In the late 1960s, I purchased a fish-eye-lens attachment, which — according to my hippie vernacular at the time — was a “groovy” contraption to capture “far-out” disfigurements of the world around me.
In 1974, I used the lens to warp the monoliths and canyons of the Big Apple and subsequently self-published a limited-edition book for family members. Soon after this particular burst of creativity, the lens was relegated to the dark recesses of a drawer for three decades. A few years ago, when searching for some other photographic paraphernalia, it resurfaced, and I decided to once again allow light rays to be distorted by it.
So I screwed the odd convex relic onto the so-called “normal” lens of my 35 mm film (yes, good old film) camera, which I loaded with a black-and-white silver halide emulsion, and headed through the great outdoors.
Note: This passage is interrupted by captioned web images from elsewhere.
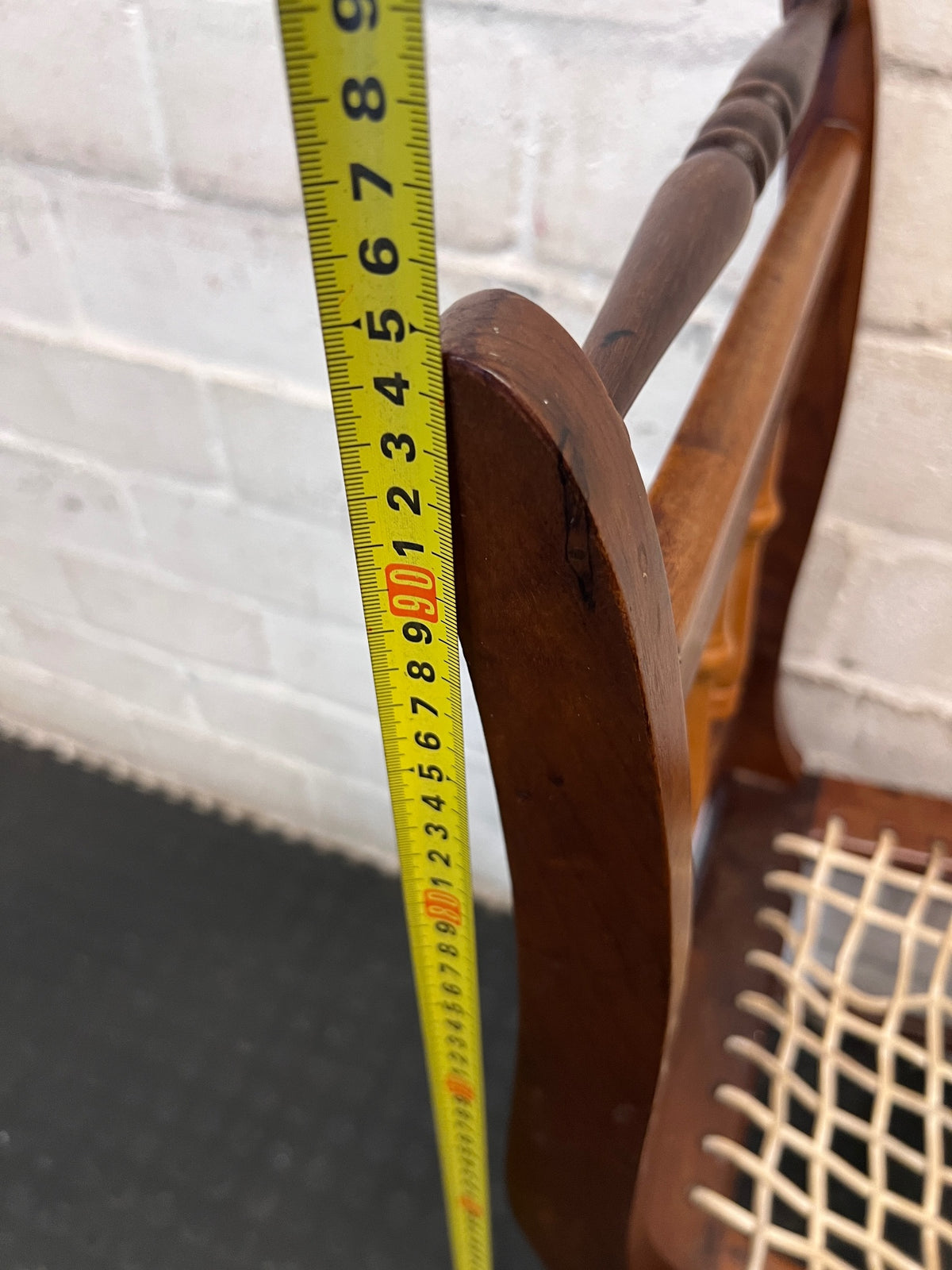 Yellowwood and Dark Wood Dining Chair — Damaged Riempie Seats and Broken Spindle – height measurement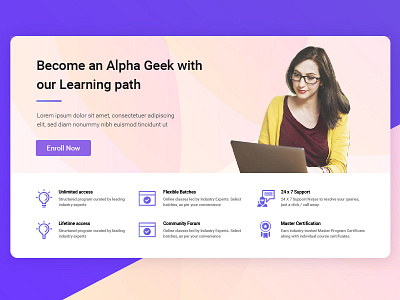 UI Design exploration for Learning platform landing page design ui design user interface design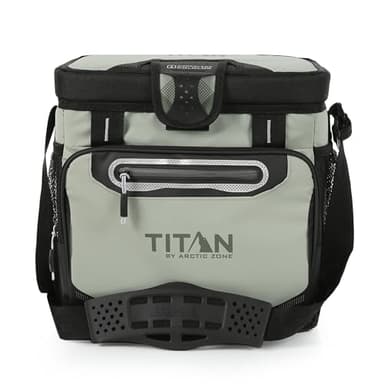 Titan by Arctic Zone 16 Can Zipperless Soft Cooler with HardBody Liner, Seagrass
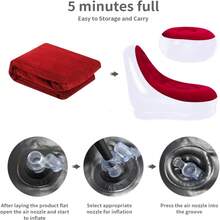 Silla inflable con reposapiés, sofá inflable con superficie aterciopelada para adultos, silla cojín de aire inflable cómoda, sofá inflable portátil impermeable, sofá inflable para camping - silla - Ver 6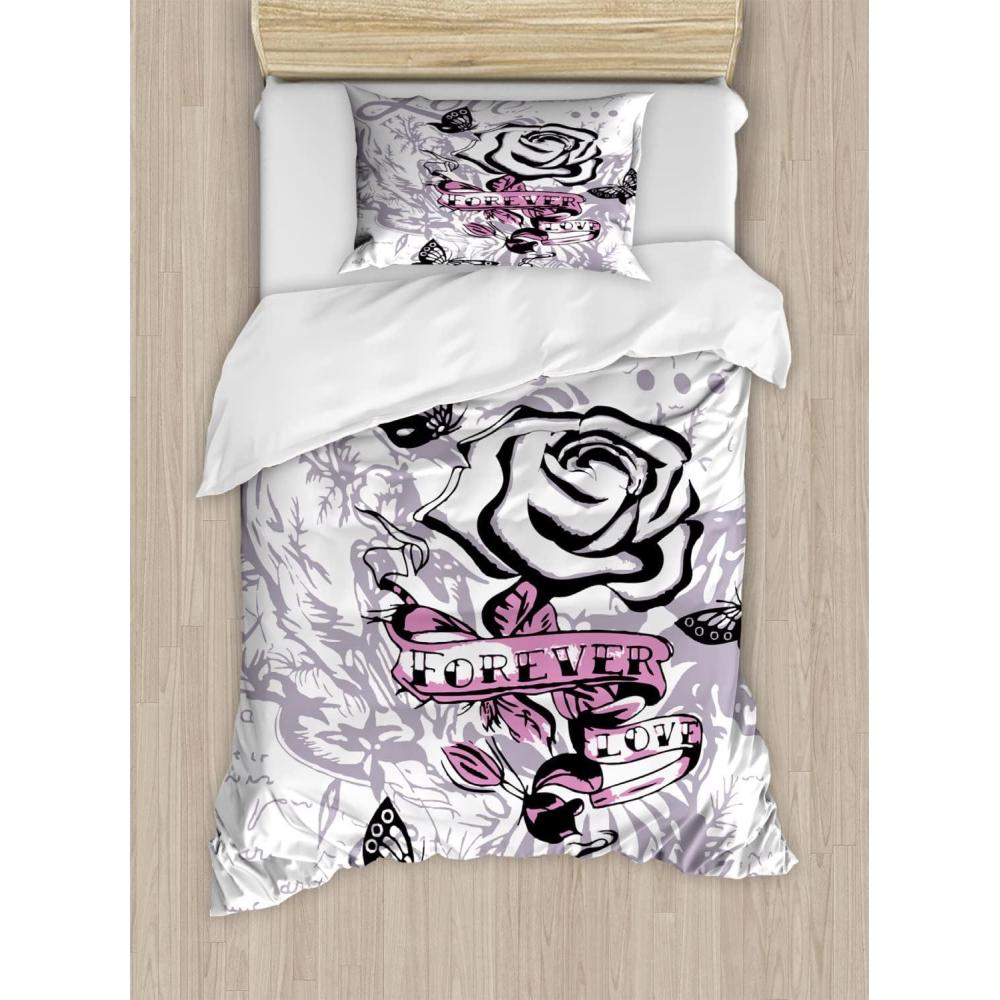 imageAmbesonne Rose Duvet Cover Set Blooming Fresh Pink Roses Bridal Bouquet Romance Sweetheart Valentine Decorative 3 Piece Bedding Set with 2 Pillow Shams King Size Pink Pale GreenPale Mauve Pink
I looked for subjects that could be advantageously portrayed by the unique perspective the lens attachment afforded.
On some excursions, the only lens I took with me was the fish-eye, so I could concentrate on which vista would be the most receptive to this way of seeing. I searched for objects that were prominently displayed in the foreground — leaves, flowers, branches and automobile parts.
Some of the resulting fish-eye photos seem to have a surrealistic M.C. Escher-like view, with layering caused by shadows and/or foreground objects such as branches that cause the viewer to look twice.
Prospective patrons who see my work at art shows often ask how I achieve the effect, to which I jokingly reply, “This is based on the Colombian principle — that the Earth is round.”
The lens definitely does not lend itself to taking portraits — with noses appearing greatly accentuated — unless a caricature is what the artist is going for.